Chart 4Ketika kita melihat pasar EuroDollars, di mana spekulator bertaruh pada kebijakan Fed di masa depan, situasinya juga menarik. Serupa dengan sepuluh tahun, bahkan ketika harga terus menurun, posisi short net yang diadakan menurun secara moderat. Hal ini telah dicapai dengan pengurangan posisi pendek yang diadakan, yang merupakan tanda dari pengambilan keuntungan sederhana setelah lari besar, atau mungkin pemain pasar besar mulai merasakan bahwa Fed relatif dekat dengan puncak dalam siklus suku bunga. Kami menganggap ini sebagai tanda awal bahwa pasar mengambil puncak ke H1 2019 dan bertanya-tanya apakah Fed Funds akan mencapai puncaknya, yang kemudian akan menyiratkan risiko resesi yang meningkat bergerak ke H2 2019.

Chart 5Jadi di mana itu kita meninggalkan obligasi AS? Kami mulai bergeser dari posisi bertahan kami yang telah kami pertahankan selama beberapa bulan. Kami menyadari bahwa ada risiko dalam hal lonjakan inflasi mini di paruh kedua tahun ini, itulah mengapa kami tidak semakin konstruktif pada titik ini. Kami perlu melihat perkembangan harga dalam beberapa minggu ke depan, tetapi preferensi kami adalah mencari peluang membeli daripada menjual.

Kami juga berpikir bahwa pada akhirnya kurva imbal hasil akan meratakan dan kemudian berbalik sebelum resesi berikutnya, sehingga kami akan mencari perdagangan yang melengkung. Minggu lalu, kurva 2s10 naik lebih dari 10 basis poin pada satu tahap, dan kami berpikir bahwa ini adalah semacam reli mini yang harus digunakan untuk memposisikan kurva imbal hasil terbalik di H1 2019.
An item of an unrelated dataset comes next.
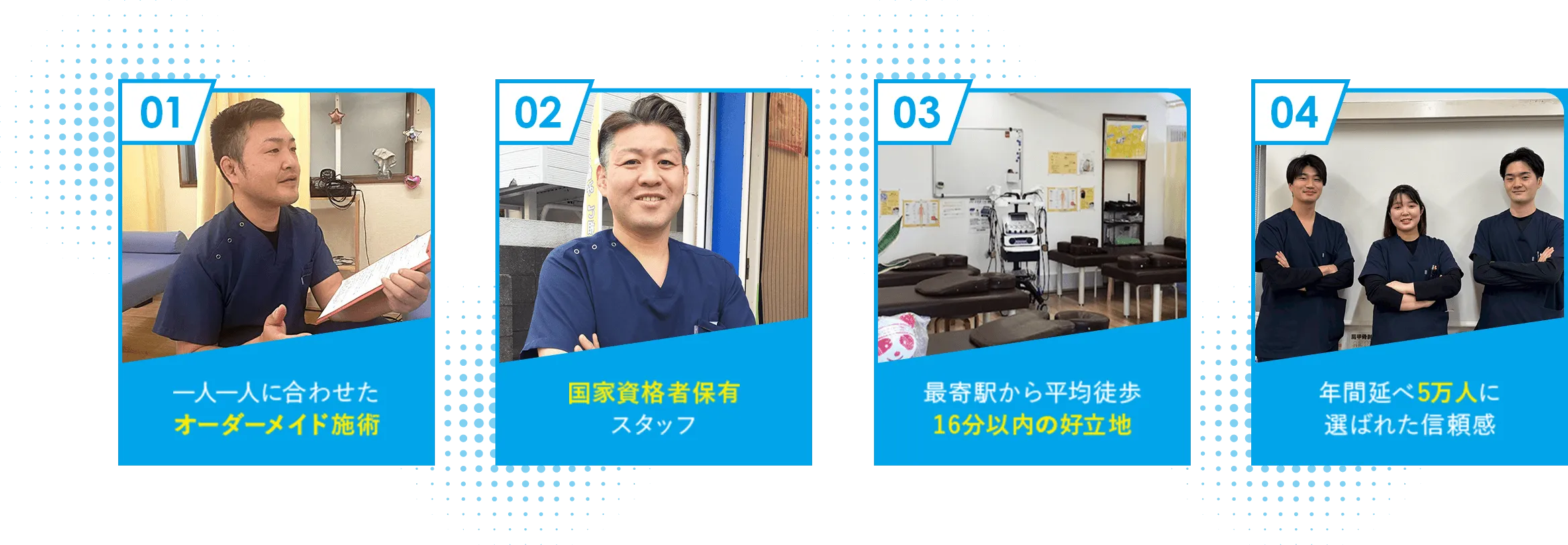 人気の理由4つ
Tentu saja, suku bunga adalah harga uang, dan karenanya setiap perubahan dalam hasil yang berpotensi salah di pasar akan memiliki implikasi di semua aset. Kami akan mencoba dan menutupnya minggu depan. Jadi kita akan meninggalkannya di sini sekarang; kami melihat imbal hasil AS mungkin berada di dekat puncak yang dapat diperdagangkan (harga mendekati harga rendah yang dapat diperdagangkan), dan mungkin hasil tidak akan bergerak jauh lebih tinggi dalam siklus ini meskipun the Fed akan terus menaikkan suku bunga untuk masa mendatang. Kami juga akan menunjukkan bahwa dengan inflasi di wilayah 2% +, US Treasuries sebenarnya menawarkan hasil nyata positif yang tidak ditawarkan di Eropa dan Jepang. Selain itu, hasil AS di sepanjang kurva sekarang berada di atas imbal hasil yang tersedia dari ekuitas AS. Jadi, jika ada nilai di mana saja di ranah obligasi Pemerintah, mungkin itu di AS jika Anda berbagi pandangan kami bahwa Fed akan berhenti menaikkan suku bunga tahun depan karena ekonomi cenderung ke dalam resesi

diposting oleh gandatmadi46@yahoo.com.

Leave a Reply

Your email address will not be published.